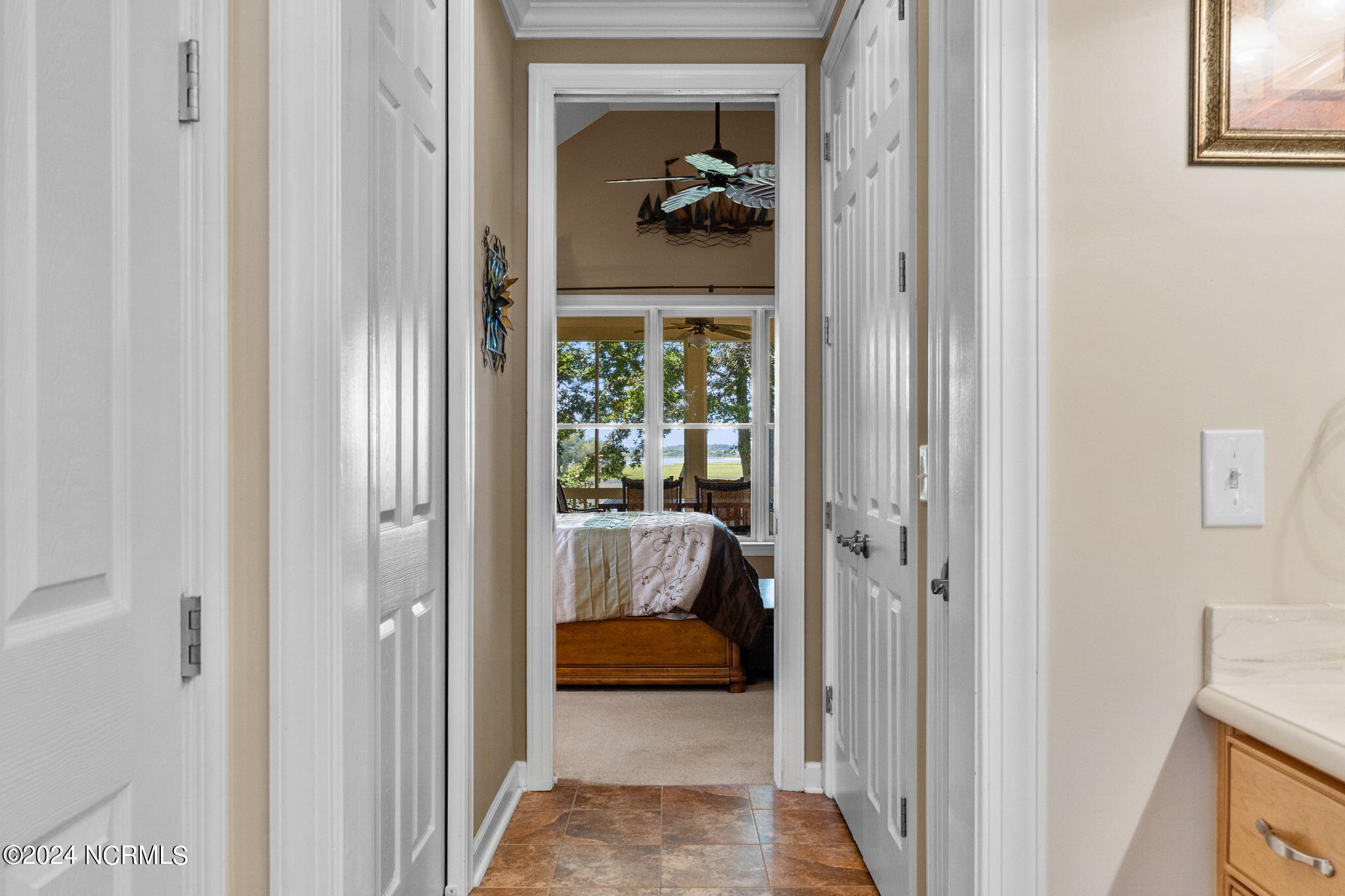 2137 Lands End Way Supply, NC 28462 - Photo 26 of 57 Spacious Mst Bath has his and her closets.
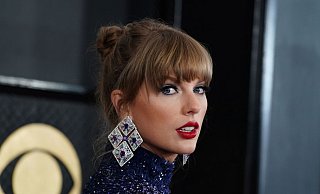 Superstar Taylor Swift sorgte für die Überraschung des Abends. (Archivbild) - Jordan Strauss/AP/dpa Superstar Taylor Swift sorgte für die Überraschung des Abends. (Archivbild) - Jordan Strauss/AP/dpa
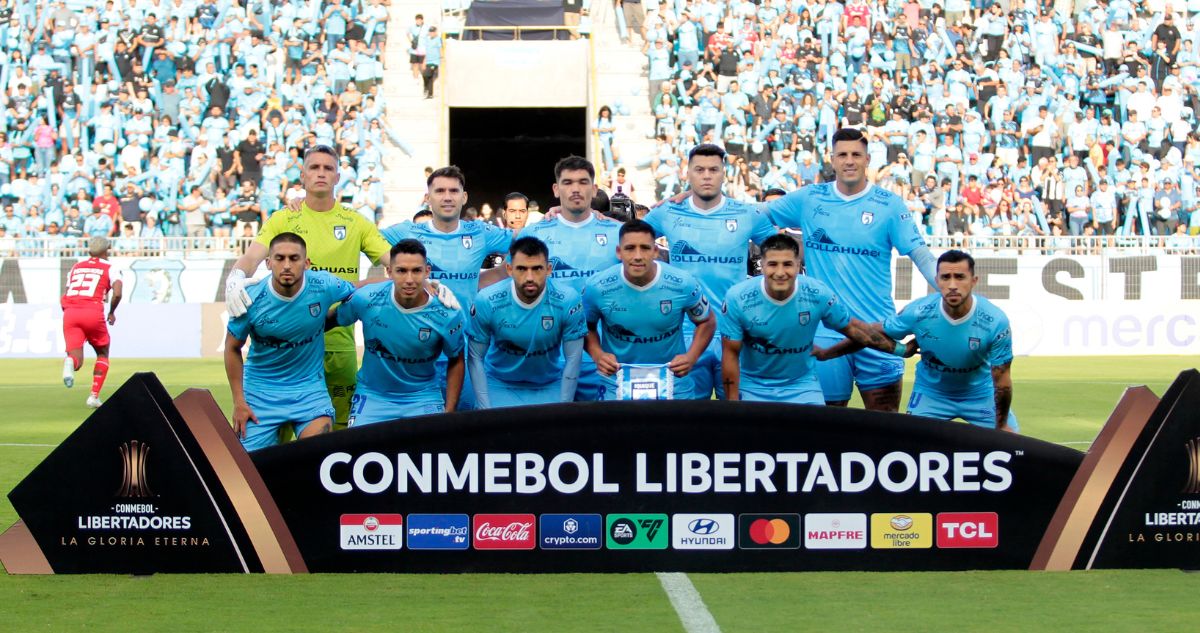 Cuándo, a qué hora y dónde ver en vivo el partido de Iquique vs Santa Fe por Copa Libertadores 2025 y quién transmite por televisión tv o streaming.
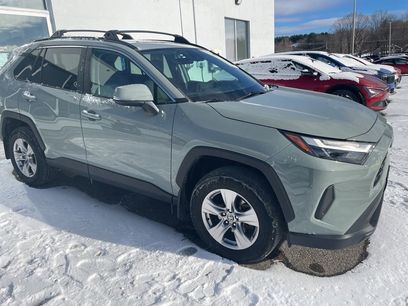 Used 2023 Toyota RAV4 XLE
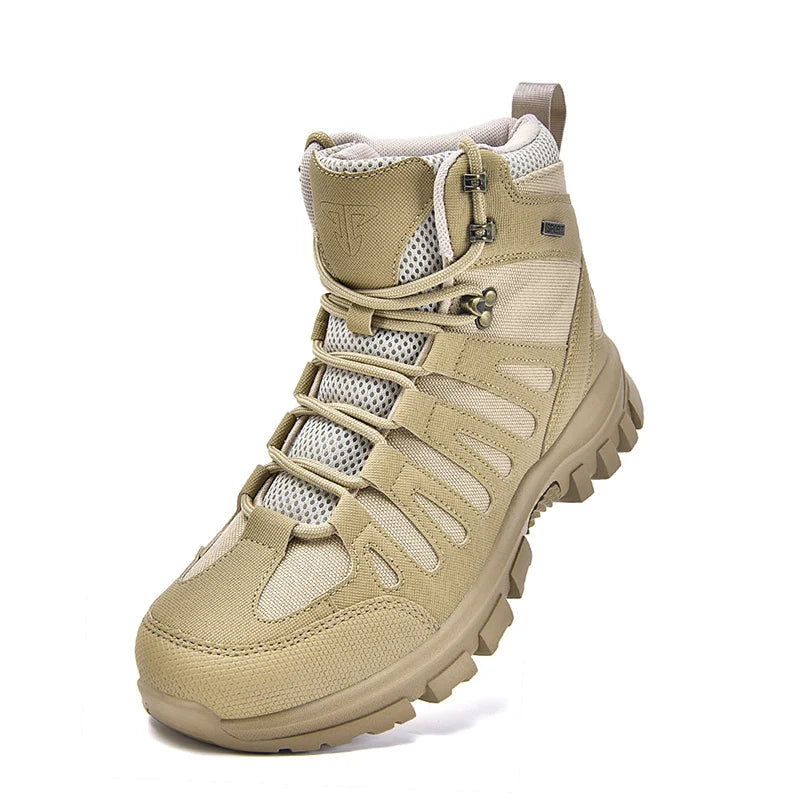 Botas de senderismo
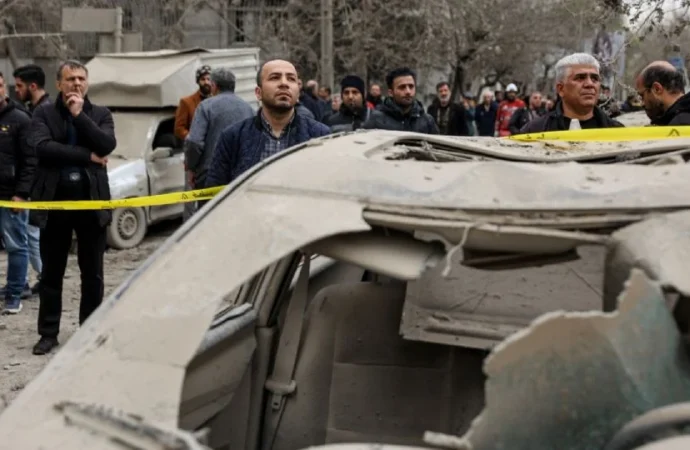 Irán detiene a más de 500 personas acusadas de compartir información con EU e Israel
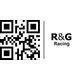 R&G (アールアンドジー) 左側用フレームインサート - BMW R1200RT '14- & R1250RT '19- ブラック | FI0071BK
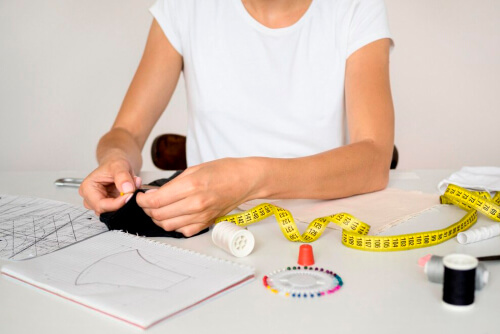 Вязание по выкройке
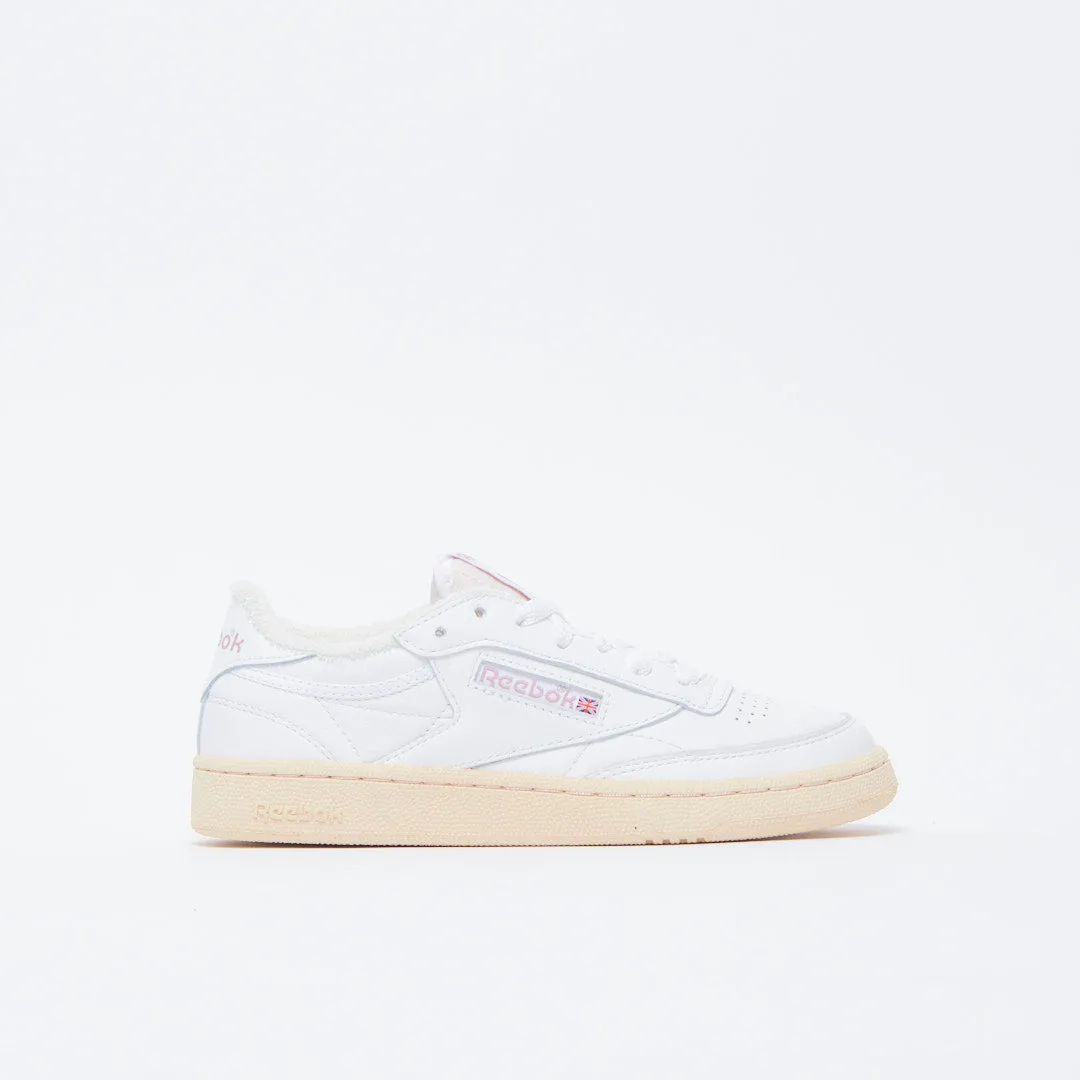 Reebok - Club C 85 Vintage (White/Lilac)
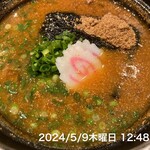 Ganso Mentai Nikomi Tsukemen - 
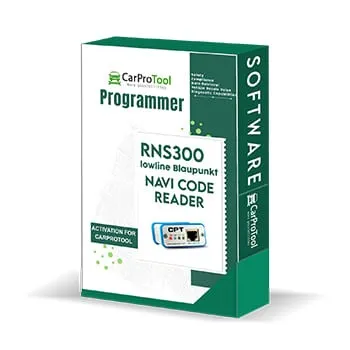 rns300 lowline code reader. Buttons 2 - thumbnail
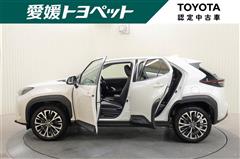 ヤリスクロス Z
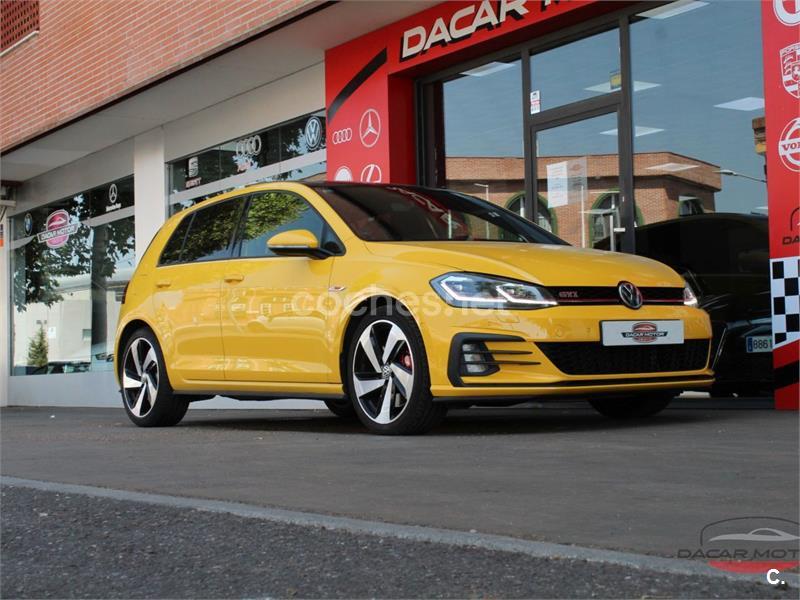 VOLKSWAGEN Golf GTI Performance 2.0 TSI 180kW245CV DSG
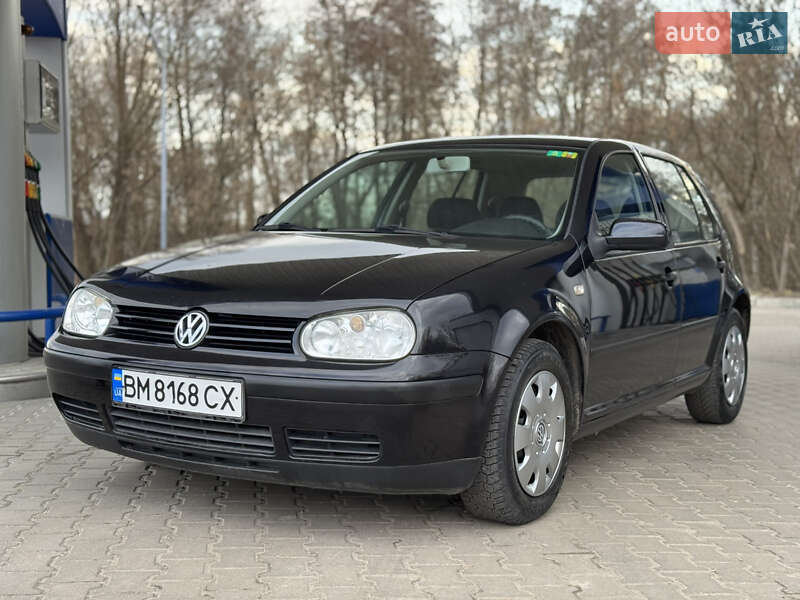 2001 volkswagen golf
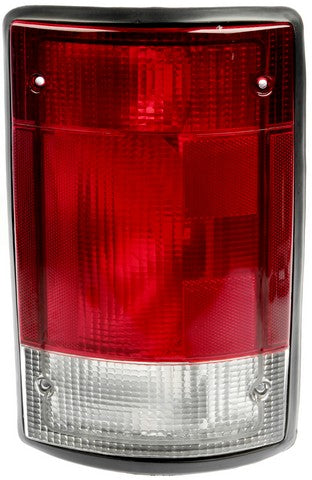 Tail Light Assembly Dorman 1610221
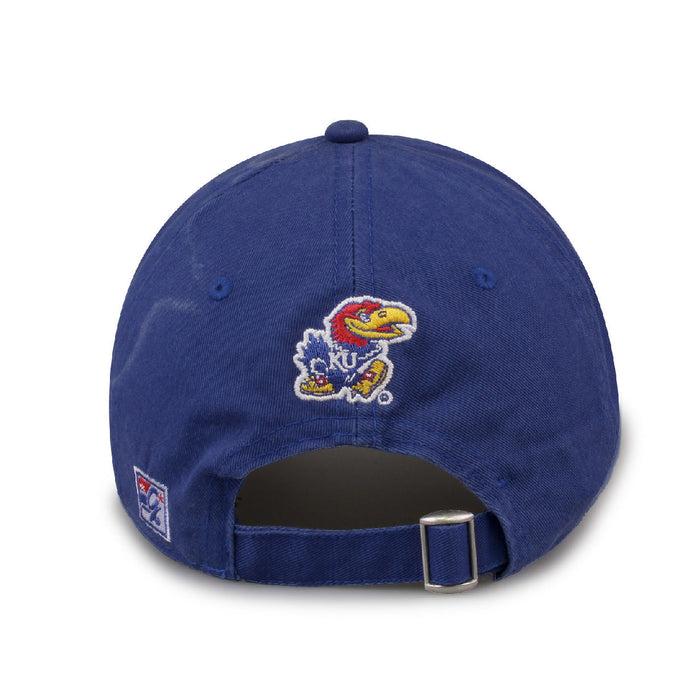Kansas Dad Cap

-*-

**Instructions for the task**.
Transcribe the listing above in full. Pictures are not part of the copy.

**Completed exercise**.
 2137 Lands End Way Supply, NC 28462 - Photo 26 of 57 Spacious Mst Bath has his and her closets.
 Superstar Taylor Swift sorgte für die Überraschung des Abends. (Archivbild) - Jordan Strauss/AP/dpa Superstar Taylor Swift sorgte für die Überraschung des Abends. (Archivbild) - Jordan Strauss/AP/dpa
 Cuándo, a qué hora y dónde ver en vivo el partido de Iquique vs Santa Fe por Copa Libertadores 2025 y quién transmite por televisión tv o streaming.
 Used 2023 Toyota RAV4 XLE
 Botas de senderismo
 Irán detiene a más de 500 personas acusadas de compartir información con EU e Israel
 R&G (アールアンドジー) 左側用フレームインサート - BMW R1200RT '14- & R1250RT '19- ブラック | FI0071BK
 Вязание по выкройке
 Reebok - Club C 85 Vintage (White/Lilac)
 Ganso Mentai Nikomi Tsukemen - 
 rns300 lowline code reader. Buttons 2 - thumbnail
 ヤリスクロス Z
 VOLKSWAGEN Golf GTI Performance 2.0 TSI 180kW245CV DSG
 2001 volkswagen golf
 Tail Light Assembly Dorman 1610221
Kansas Dad Cap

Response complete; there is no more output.